El juez Raúl Ojeda aceptó la participación de la UIA en la causa iniciada por la CGT y abrió un plazo para que otras entidades del sector privado se sumen, mientras mantiene la suspensión cautelar de 83 artículos de la ley.
El juez del Trabajo Raúl Ojeda celebró una audiencia pública entre la CGT, la Unión Industrial Argentina (UIA) y representantes del Gobierno nacional, con el objetivo de escuchar a las partes antes de avanzar con el expediente principal sobre la reforma laboral. Tras las exposiciones, el magistrado tomó dos medidas inmediatas: aceptó la participación de la UIA como parte interesada y suspendió el proceso por tres días hábiles para que otras cámaras empresarias puedan solicitar su incorporación.
En el encuentro se enfrentaron dos posturas. Por un lado, la CGT ratificó su rechazo a 83 artículos de la Ley de Modernización Laboral, argumentando que vulnera el principio de progresividad y protección del trabajador, facilita despidos y precariza las condiciones laborales. Además, se opuso al cambio de fuero, insistiendo en que la causa debe permanecer en la Justicia Nacional del Trabajo.

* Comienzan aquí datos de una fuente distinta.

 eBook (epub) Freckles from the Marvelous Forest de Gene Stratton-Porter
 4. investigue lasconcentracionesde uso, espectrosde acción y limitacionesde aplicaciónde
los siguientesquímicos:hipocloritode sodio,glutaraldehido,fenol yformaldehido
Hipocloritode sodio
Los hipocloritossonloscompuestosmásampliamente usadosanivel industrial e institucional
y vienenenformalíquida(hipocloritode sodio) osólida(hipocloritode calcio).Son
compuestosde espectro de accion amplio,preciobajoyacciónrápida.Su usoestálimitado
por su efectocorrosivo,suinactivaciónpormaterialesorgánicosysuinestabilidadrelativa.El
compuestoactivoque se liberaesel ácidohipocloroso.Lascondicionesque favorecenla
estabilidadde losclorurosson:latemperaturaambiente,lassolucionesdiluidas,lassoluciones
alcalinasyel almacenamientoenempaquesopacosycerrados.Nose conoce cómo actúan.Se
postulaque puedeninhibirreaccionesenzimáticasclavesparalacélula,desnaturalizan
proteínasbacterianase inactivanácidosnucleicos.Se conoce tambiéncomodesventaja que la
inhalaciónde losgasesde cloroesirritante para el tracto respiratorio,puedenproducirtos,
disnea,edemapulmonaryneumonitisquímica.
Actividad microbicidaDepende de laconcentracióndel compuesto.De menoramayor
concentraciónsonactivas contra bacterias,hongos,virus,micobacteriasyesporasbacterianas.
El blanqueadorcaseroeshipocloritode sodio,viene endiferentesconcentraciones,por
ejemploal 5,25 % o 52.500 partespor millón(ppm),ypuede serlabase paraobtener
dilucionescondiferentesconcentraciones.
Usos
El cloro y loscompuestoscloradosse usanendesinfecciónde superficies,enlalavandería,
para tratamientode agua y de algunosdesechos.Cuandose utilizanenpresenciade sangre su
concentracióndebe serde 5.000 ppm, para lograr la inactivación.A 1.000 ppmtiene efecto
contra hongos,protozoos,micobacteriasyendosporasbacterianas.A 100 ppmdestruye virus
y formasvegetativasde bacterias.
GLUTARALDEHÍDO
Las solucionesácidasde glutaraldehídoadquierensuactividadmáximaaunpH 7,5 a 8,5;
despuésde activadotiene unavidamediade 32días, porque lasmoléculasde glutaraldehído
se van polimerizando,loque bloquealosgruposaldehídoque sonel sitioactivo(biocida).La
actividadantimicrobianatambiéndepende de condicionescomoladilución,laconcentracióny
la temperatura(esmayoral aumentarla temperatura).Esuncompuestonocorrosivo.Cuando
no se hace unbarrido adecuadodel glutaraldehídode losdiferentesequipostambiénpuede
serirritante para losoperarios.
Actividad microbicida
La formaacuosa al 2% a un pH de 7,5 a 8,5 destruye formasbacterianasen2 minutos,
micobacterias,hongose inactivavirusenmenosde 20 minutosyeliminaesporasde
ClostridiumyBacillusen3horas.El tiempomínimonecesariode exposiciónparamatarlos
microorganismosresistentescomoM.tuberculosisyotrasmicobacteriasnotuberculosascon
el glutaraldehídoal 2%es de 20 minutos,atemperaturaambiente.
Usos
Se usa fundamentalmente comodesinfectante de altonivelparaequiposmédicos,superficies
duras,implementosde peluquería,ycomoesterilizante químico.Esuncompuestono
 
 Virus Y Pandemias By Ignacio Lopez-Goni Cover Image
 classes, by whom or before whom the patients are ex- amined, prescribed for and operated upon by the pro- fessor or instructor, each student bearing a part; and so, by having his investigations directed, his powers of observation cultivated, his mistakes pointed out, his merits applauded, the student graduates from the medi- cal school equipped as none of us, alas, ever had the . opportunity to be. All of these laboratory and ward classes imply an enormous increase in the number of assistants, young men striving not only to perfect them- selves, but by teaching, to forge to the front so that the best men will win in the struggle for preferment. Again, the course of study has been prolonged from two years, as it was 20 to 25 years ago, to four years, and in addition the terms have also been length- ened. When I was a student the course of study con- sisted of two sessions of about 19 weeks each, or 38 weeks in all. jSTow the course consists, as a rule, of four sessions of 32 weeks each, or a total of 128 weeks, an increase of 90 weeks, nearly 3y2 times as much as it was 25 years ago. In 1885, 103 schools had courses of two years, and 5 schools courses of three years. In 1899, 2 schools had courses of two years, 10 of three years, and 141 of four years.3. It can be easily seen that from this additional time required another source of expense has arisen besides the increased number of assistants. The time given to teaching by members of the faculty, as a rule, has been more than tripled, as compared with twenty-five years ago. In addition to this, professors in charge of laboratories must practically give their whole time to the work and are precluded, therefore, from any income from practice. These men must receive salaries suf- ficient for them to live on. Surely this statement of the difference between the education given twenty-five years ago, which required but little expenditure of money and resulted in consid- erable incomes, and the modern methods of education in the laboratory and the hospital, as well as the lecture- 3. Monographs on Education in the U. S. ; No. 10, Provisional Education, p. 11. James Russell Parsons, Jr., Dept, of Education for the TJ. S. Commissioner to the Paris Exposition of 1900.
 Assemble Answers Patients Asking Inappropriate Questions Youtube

Por otro lado, el Gobierno, representado por la Procuración del Tesoro, defendió la legalidad de la reforma y planteó dos estrategias: que el sector privado sea aceptado como parte interesada y que el caso pase a la Justicia Contencioso Administrativo Federal.
El juez Ojeda mantuvo vigente la suspensión cautelar de los 83 artículos cuestionados, por lo que los cambios en las leyes de trabajo, empleo y sindicales continúan frenados. Sin embargo, dejó dos temas críticos en suspenso: aún no resolvió el pedido del Gobierno para cambiar el fuero de la causa, ni dictó sentencia sobre la constitucionalidad definitiva de los artículos de la reforma.
Este escenario mantiene la reforma laboral en un limbo jurídico, aumentando la incertidumbre para las empresas, mientras el juez laboral sigue actuando en la causa.